• _Task_
The records should be restated exactly from their first line through the line with "崩坎油甘果新鲜甜种油甘柿饼甜油甘牛甘榨汁余甘果玉油柑农家水果 - 图0" in it.

--- START ---

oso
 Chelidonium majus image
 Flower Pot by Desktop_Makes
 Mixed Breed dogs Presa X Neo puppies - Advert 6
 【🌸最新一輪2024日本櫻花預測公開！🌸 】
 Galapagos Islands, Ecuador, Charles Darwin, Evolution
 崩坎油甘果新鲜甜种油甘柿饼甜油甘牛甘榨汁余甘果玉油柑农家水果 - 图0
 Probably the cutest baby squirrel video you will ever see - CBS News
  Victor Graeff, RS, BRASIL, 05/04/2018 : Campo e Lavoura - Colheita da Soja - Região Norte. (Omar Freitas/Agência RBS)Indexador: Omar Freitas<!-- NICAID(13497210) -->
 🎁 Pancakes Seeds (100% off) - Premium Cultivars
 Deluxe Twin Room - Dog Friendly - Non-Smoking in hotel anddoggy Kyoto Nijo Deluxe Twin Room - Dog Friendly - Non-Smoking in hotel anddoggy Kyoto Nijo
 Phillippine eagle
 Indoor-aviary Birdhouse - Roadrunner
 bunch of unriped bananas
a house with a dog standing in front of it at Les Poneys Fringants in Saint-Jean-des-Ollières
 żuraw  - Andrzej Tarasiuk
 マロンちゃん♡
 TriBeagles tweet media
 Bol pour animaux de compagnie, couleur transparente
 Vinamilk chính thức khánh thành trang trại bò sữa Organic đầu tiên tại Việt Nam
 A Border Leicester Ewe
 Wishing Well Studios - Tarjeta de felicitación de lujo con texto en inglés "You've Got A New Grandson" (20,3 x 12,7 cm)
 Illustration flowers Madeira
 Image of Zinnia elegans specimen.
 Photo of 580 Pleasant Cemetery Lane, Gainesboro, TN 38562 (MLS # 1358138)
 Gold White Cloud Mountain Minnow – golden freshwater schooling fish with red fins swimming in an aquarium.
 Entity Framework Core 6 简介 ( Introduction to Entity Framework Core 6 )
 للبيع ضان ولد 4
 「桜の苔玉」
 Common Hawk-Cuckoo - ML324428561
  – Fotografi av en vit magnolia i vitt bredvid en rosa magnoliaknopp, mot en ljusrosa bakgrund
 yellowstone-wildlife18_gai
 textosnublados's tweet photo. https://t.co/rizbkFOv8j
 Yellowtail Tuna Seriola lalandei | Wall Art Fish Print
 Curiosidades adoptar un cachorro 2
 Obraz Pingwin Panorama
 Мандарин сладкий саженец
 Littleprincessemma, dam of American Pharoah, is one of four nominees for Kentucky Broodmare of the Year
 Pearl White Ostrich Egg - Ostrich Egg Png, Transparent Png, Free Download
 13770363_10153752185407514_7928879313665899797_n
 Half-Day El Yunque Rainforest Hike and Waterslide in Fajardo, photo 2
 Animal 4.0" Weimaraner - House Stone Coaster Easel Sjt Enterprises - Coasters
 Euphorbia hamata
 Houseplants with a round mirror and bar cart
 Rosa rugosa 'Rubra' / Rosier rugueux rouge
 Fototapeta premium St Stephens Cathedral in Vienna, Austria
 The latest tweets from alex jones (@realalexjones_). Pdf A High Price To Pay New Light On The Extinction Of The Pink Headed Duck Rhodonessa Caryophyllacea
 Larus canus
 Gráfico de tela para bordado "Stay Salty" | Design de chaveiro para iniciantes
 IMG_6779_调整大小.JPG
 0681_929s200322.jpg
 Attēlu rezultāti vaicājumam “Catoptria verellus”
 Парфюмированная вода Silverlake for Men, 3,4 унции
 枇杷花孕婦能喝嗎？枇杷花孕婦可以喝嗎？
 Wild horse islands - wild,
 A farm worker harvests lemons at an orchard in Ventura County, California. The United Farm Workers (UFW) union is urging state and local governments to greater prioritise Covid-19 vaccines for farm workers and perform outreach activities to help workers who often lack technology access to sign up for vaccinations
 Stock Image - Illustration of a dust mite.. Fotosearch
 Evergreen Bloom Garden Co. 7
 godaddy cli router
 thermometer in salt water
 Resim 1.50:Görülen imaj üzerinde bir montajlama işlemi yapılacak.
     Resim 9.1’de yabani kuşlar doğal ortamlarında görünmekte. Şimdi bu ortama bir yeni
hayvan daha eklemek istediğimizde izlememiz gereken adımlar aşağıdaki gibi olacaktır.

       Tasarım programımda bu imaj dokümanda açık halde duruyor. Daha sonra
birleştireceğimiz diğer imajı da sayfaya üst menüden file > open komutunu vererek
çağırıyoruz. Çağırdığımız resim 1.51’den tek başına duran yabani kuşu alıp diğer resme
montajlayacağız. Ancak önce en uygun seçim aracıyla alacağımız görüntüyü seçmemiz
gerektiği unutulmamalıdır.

--- END ---

• _Problem solution_
oso
 Chelidonium majus image
 Flower Pot by Desktop_Makes
 Mixed Breed dogs Presa X Neo puppies - Advert 6
 【🌸最新一輪2024日本櫻花預測公開！🌸 】
 Galapagos Islands, Ecuador, Charles Darwin, Evolution
 崩坎油甘果新鲜甜种油甘柿饼甜油甘牛甘榨汁余甘果玉油柑农家水果 - 图0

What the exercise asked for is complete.